Execute create-next-app
with Yarn or npx to bootstrap the example:
npx create-next-app --example pass-server-data pass-server-data-app
# or
yarn create next-app --example pass-server-data pass-server-data-app
Download the example or clone the repo:
curl https://codeload.github.com/zeit/next.js/tar.gz/master | tar -xz --strip=2 next.js-master/examples/pass-server-data
cd pass-server-data
Install it and run:
npm install
npm run dev
# or
yarn
yarn dev
Deploy it to the cloud with now (download)
now
If you already have a custom server which has local data (for instance cached data from an API call, or data read
from a file at startup) that you wish to make available in the Next.js page, you can pass that data in the query
parameter of nextApp.render()
.
This is not the only way to pass data. You could also expose an endpoint and make a fetch()

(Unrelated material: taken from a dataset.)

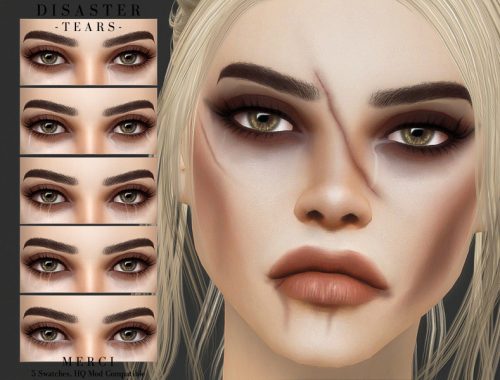 Disaster -Tears-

call to localhost, or you could
import server-side code with eval
(necessary to prevent webpack from trying to package your server code). However both
solutions leave something to be desired in either performance or elegance.
This example shows the express server at server.js
reading in a file at load time with static data (this could also have been
data cached from an API call) in operations/get-item.js
. It has two routes: a home page, and an item page. The item page uses
data from the get-item operation, passed as a query parameter in routes/item.js
.
We use this data in pages/item.js
if rendered server-side, or make a fetch request if rendered client-side.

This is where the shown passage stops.